The Beatitudes - Part Seven
Welcome to this weeks blog and thanks for reading. This week we are going to continue with our series on the Beatitudes with the following verse:
Matthew 5:9 (NIV)
Blessed are the peacemakers,
for they will be called children of God.
The first part of this verse that I want to look at is the word 'peacemakers'. For us to fully understand this word we need to understand the Greek word for peacemaker, eirénopoios (i-ray-nop-oy-os'). This word can be translated as 'lover of peace', which shows us that being is peacemaker is not just about taking action but it's also about the condition of our hearts. We must long for and love peace and true peace can only come from God. We can often get hung up on the idea of being a peacemaker taking the form of mediating or standing between two conflicting parties, but this is only one way that the idea of being a peacemaker can be fulfilled. Another way that we can be peacemakers is by giving people the opportunity to reconcile with God, so that they might find true peace in Him, by preaching the gospel or through any other evangelistic method.

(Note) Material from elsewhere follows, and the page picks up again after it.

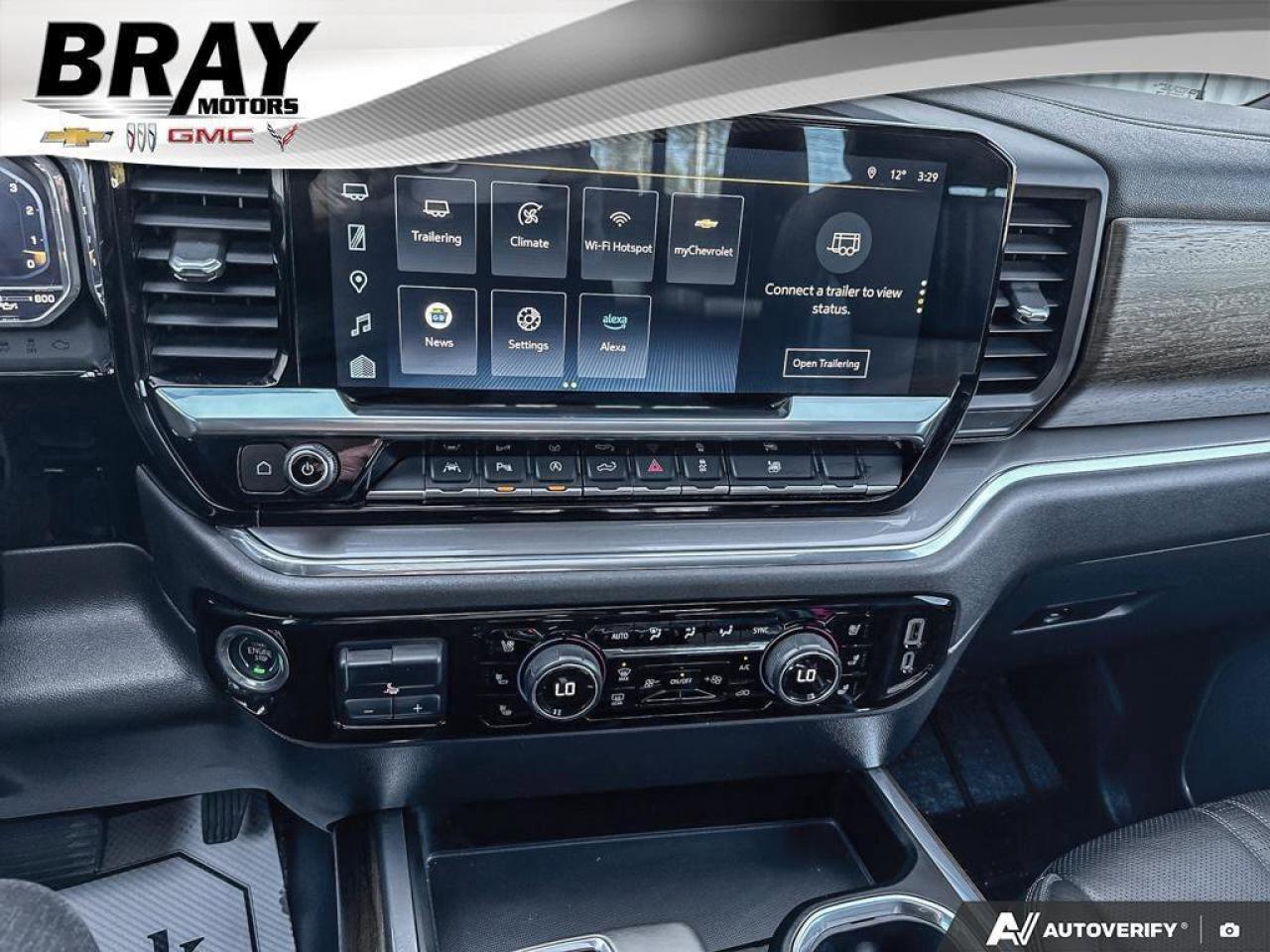 2023 Chevrolet Silverado 1500 High Country   DURABLE AND DISTINGUISHED   SPRAY I Photo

“It is the devil who is a troublemaker; it is God who loves reconciliation and who now through his children, as formerly through his only begotten Son, is bent on making peace.” (Stott)
This quote from Stott shows us that another way of being a peacemaker is to oppose the disruption that the devil tries to cause. In doing this, we again offer reconciliation with God on His behalf to those who need it.
The latter part of this verse goes on to say that peacemakers will become 'children of God'. The reward for being a peacemaker is that you are recognised as a child of God, a peacemaker shares God's passion and desire for peace and reconciliation. This doesn't mean that you will have an easier life, as the role of being a peacemaker is a difficult one. If we look at the life of Jesus, he was the greatest peacemaker that the world has ever seen, offering reconciliation between the people and God (and He still offers it now!), we can see that a life of a peacemaker is difficult, it has trials and that it is often riddled with persecution.
“Now therefore, although it be, for the most part, a thankless office (with men) to interpose, and to seek to take up strife, to piece those again that are gone aside and asunder… yet do it for God’s sake, and that ye may (as ye shall be after awhile) be called and counted, not meddler and busybodies, but sons of God.”
I really love this quote from Trapp, it surmises the concept that being a peacemaker has an eternal effect on us, but in our earthly lives it can often bring trials and tribulations.
I pray that we might strive to become peacemakers, to offer the reconciliation that God has afforded us to others and to carry a spirit of peace within our lives.